Recorded data
* * *

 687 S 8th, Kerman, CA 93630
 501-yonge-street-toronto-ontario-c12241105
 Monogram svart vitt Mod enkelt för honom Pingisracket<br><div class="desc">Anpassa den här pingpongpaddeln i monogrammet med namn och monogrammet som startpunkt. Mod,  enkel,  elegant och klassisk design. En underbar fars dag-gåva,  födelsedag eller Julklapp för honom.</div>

* * *

What you will do
What is needed here is a word-for-word copy of the whole listing.

Written solution
 687 S 8th, Kerman, CA 93630
 501-yonge-street-toronto-ontario-c12241105
 Monogram svart vitt Mod enkelt för honom Pingisracket<br><div class="desc">Anpassa den här pingpongpaddeln i monogrammet med namn och monogrammet som startpunkt. Mod,  enkel,  elegant och klassisk design. En underbar fars dag-gåva,  födelsedag eller Julklapp för honom.</div>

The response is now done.